Energy Saving EU Legislation Faces Resistance image

Denmark puts pressure on lawmakers in Brussels to complete an energy saving deal according to which overall energy consumption will be reduced by 20% until 2020.

It is well known that the Danish EU presidency made energy efficiency one of its main goals, but critics believe that this plan will slow down growth by requiring costly investments. In 2007 state members agreed to a 20% decrease in energy consumption by 2020, the objective being equivalent to saving up to 68 million tonnes of oil. Some members believe that 20% is very ambitious and that 10% would be the appropriate percentage.

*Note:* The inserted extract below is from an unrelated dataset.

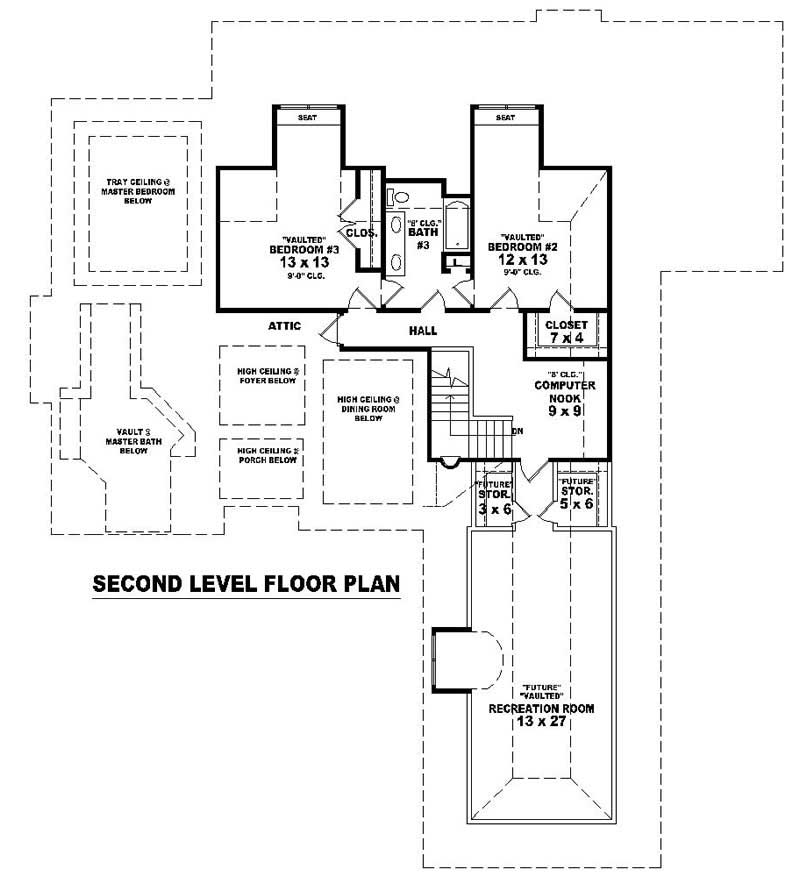 Floor Plan Second Story of French Plan #170-2085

The European Environment Agency states that road transport generates around a fifth of the EU’s CO2 emissions, passenger cars being responsible for 12%. In July the commission will meet again to review CO2 emission targets for vehicles. In order to cut emissions automakers have to produce by 2020 engines that emit only 95 grams of CO2/km, from the current norm of 140g CO2/km. If this target is met drivers could see substantial savings on car fuel bills annually.

Annually drivers pay around €1,235 in Luxembourg and up to €2,143 in Sweden for fuel. Greenpeace said that these costs could be reduced to €962 in Luxembourg and to €1,551 in Sweden if the 95g CO2/km target is met. Automakers are trying for now to reach 130g CO2/km by 2015.

Franziska Achterberg, Greenpeace’s EU transport policy expert, declared that automakers are currently quiet concerning this issue.